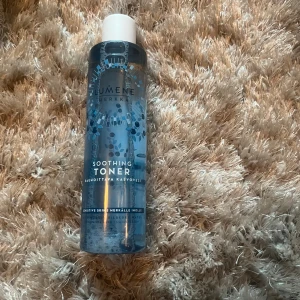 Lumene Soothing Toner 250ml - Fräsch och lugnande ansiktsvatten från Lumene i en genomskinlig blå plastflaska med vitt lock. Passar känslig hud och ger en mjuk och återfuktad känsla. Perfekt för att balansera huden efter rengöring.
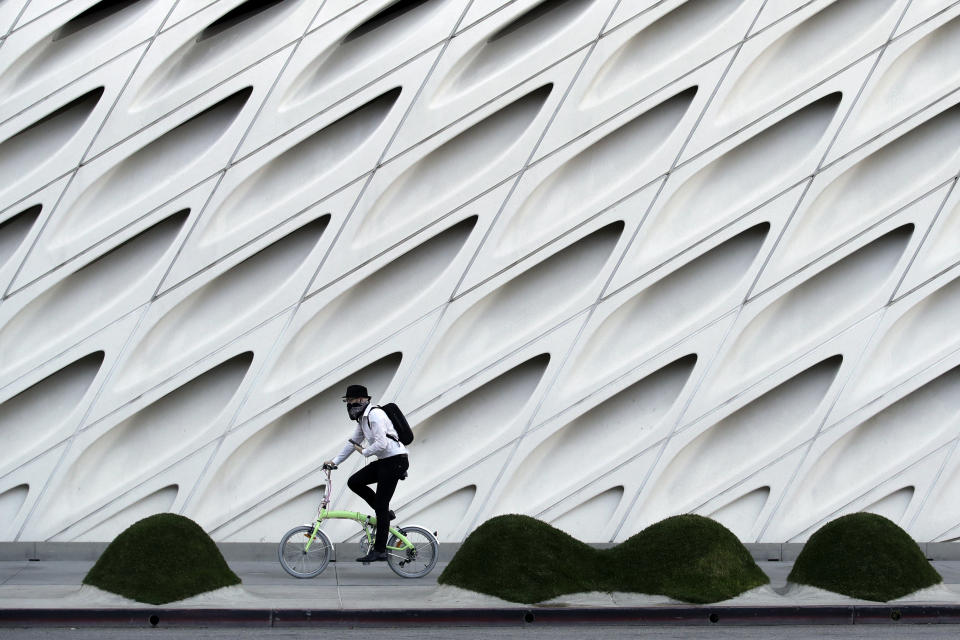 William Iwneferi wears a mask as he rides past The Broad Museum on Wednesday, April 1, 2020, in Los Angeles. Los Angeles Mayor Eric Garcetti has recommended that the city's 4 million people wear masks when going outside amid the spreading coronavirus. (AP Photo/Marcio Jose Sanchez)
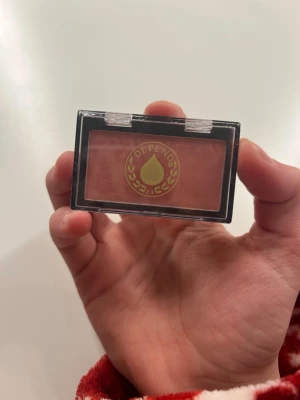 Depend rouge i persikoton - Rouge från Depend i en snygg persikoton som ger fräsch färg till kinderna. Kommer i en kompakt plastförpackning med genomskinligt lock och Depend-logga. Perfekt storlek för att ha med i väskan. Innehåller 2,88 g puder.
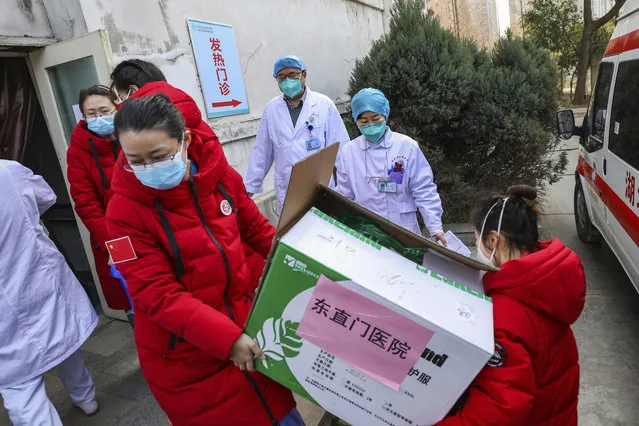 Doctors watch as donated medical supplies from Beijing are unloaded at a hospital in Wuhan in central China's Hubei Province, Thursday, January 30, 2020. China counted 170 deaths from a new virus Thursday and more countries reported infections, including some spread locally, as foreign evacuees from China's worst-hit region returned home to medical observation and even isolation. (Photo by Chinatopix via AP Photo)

================================

REQUIRED ACTION:
With the pictures omitted, reproduce the data above exactly.

RESULT FOR THIS TASK:
 Lumene Soothing Toner 250ml - Fräsch och lugnande ansiktsvatten från Lumene i en genomskinlig blå plastflaska med vitt lock. Passar känslig hud och ger en mjuk och återfuktad känsla. Perfekt för att balansera huden efter rengöring.
 William Iwneferi wears a mask as he rides past The Broad Museum on Wednesday, April 1, 2020, in Los Angeles. Los Angeles Mayor Eric Garcetti has recommended that the city's 4 million people wear masks when going outside amid the spreading coronavirus. (AP Photo/Marcio Jose Sanchez)
 Depend rouge i persikoton - Rouge från Depend i en snygg persikoton som ger fräsch färg till kinderna. Kommer i en kompakt plastförpackning med genomskinligt lock och Depend-logga. Perfekt storlek för att ha med i väskan. Innehåller 2,88 g puder.
 Doctors watch as donated medical supplies from Beijing are unloaded at a hospital in Wuhan in central China's Hubei Province, Thursday, January 30, 2020. China counted 170 deaths from a new virus Thursday and more countries reported infections, including some spread locally, as foreign evacuees from China's worst-hit region returned home to medical observation and even isolation. (Photo by Chinatopix via AP Photo)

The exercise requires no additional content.